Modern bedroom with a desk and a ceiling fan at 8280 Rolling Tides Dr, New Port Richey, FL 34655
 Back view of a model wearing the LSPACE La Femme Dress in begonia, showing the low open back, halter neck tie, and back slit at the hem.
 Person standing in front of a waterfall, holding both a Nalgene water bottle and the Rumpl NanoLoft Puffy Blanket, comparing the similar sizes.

- Goal of the exercise
Copy exactly, please, the span of lines that begins at the line with "Back view of" and ends at the last line of the data, both included.

- Task solution
 Back view of a model wearing the LSPACE La Femme Dress in begonia, showing the low open back, halter neck tie, and back slit at the hem.
 Person standing in front of a waterfall, holding both a Nalgene water bottle and the Rumpl NanoLoft Puffy Blanket, comparing the similar sizes.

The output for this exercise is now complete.